Mr Isola highlighted too the well-documented efforts to establish Gibraltar as a reputable, well-regulated leading hub for businesses using distributed ledger technology.
“We remain committed to protecting the jurisdiction and consumers in tandem, while providing innovative support to this nascent industry,” he said, acknowledging the critical role played not just by officials but by the private sector too in driving this business.
“Our vision remains one of attracting quality operators with who will create long term, sustainable and mutually beneficial relationships.”
The Gibraltar Financial Services Commission is processing around 35 applications for DLT licences, with a similar number pending too.
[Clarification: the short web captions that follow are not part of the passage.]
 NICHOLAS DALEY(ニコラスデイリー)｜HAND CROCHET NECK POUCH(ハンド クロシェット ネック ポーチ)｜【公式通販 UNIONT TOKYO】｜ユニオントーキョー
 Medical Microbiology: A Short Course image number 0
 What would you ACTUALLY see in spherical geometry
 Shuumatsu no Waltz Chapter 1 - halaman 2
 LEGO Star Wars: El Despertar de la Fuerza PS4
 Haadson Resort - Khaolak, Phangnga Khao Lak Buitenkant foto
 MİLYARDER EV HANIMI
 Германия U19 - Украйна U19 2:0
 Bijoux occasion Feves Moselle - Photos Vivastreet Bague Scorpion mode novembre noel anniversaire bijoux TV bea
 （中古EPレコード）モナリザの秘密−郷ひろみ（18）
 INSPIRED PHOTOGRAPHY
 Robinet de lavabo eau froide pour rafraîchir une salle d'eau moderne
“If all licensed, this means 35 new businesses in this sector creating economic activity, employment and opportunity, and all created by ourselves as a jurisdiction,” he said.
The Minister for Commerce also acknowledged that the gaming sector, while still the most significant in Europe and perhaps the world, was “sailing into headwinds”.
“These are created not only by the uncertainties of Brexit and challenges around EU market access, but also because of increased industry consolidation; as companies look to scale up, drive efficiencies and deal with increased regulatory costs in new and existing jurisdictions,” he said.
Even so, despite those pressures there remained interest in the Rock as a gaming jurisdiction and the market, if not necessarily the number of companies, continued to grow.
Continued post-Brexit access to the UK market was also important in this sector, much of whose business was UK-facing, he said, adding that the UK did not want to see operators moving from Gibraltar.
“However, we can understand and will support our firms who are contingency planning and prudently assessing the political and business risks created by the nature and timing of Brexit being unresolved,” he said.
“Looking at the issue from a traditional business risk assessment perspective, whilst the probability of a hard or early Brexit and not being able to access EU markets from Gibraltar remains low in our estimation, the impact of such an occurrence would be high.”
“That this situation could arise in the coming months, but is effectively being planned for in 2021, means early decisions have to be made that will change some operations in Gibraltar.”
He said the government was working with operators to construct a regulatory and licensing regime that was right for them, but made clear that Gibraltar would not lower its regulatory standards.
He recognised, however, the need to be “flexible and innovative” and to take “a balanced view” on new business models and technology platforms.
Mr Isola mentioned, for example, proposals to bridge the DLT and cryptocurrency sectors with gaming, which could offer opportunities for selected companies to use the Rock as “an incubator” for new gambling services.
Mr Isola also announced increases to licensing fees and charges paid by the gaming operators, adding that these had been reviewed in close consultation with the industry.
And he added: “Our engagements have given us a strong degree of confidence that whilst operators may need to be flexible about the contingent location of some of their transactional technology, their people, both management and staff, prefer to be anchored in Gibraltar.” “They understand the personal and business benefits of being in this jurisdiction and we are working with them to develop alternate operating arrangements around technology, tailored to different Brexit outcomes and each operator’s unique business model.”